Kaln just paused, breathing in and shamelessly admiring the view.  It would be a sight worth seeing for anyone, even someone who hadn’t spent weeks trudging through parched flatland.  Granted, he had benefited from the best possible guidance and his trip across the desert had been less arduous than it would have been for practically anyone else.

And now, after it all, here he was, almost at the end.  The end of this damn fool adventure he should absolutely not be on, because nobody with a grain of sense in their head would be.

“Well,” he said aloud, voice scratchy from disuse and the dry air behind him, “I’m here.”

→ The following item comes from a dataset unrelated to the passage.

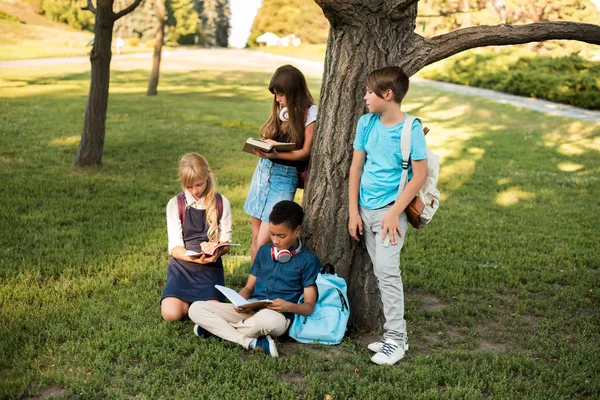 Adolescentes multiétnicos estudiando en el parque — Foto de Stock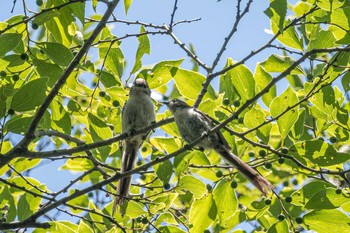 Long-tailed Tit 明石市金ケ崎公園 Mon, 6/21/2021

It really seemed like there should be some sort of invocation.  Some ancient shadowy grimoire to open, or…a talisman, maybe?  The kind with a mysteriously glowing gem.  But no, all he had to do was…call.  The call wasn’t always answered—which stood to reason, you couldn’t expect to have an enigmatic otherworldly being appear at your whim—but so far, every time the Entity had failed to answer him, Kaln had learned later there was good and specific reason, usually pertaining to keeping their relationship discreet.  Actually, the uncanny thing had been a more reliable partner than several people with whom Kaln had worked in the Royal Archives.

At his extremely casual summons, it came.

His own shadow, already lengthened by the descending sun, stretched further, then spun in a complete revolution across the rocky ground, rotating like the hand of a clock.  As if limbered by this exercise it finally detached completely, drifting across the ground unconnected to his feet.  And then it separated from the ground itself, standing up.

“So you are!” the Entity replied with its customary good cheer.  “And get a load of that vista!  These are the moments, Kaln.  You have to stop and smell the scenery while the iron is hot.”

Kaln studied the Entity rather than the view, seeing nothing new, but it was familiar enough now that he was no longer thrown by the contrast between the creature’s eerie appearance and its peppy-bordering-on-silly demeanor.  A shadow lifted off the ground was a translucent thing, so ephemeral he could easily have failed to notice it was there when he wasn’t looking right at it.  In the ordinary course of things, the sun was never beaming directly on a shadow, much less straight through it.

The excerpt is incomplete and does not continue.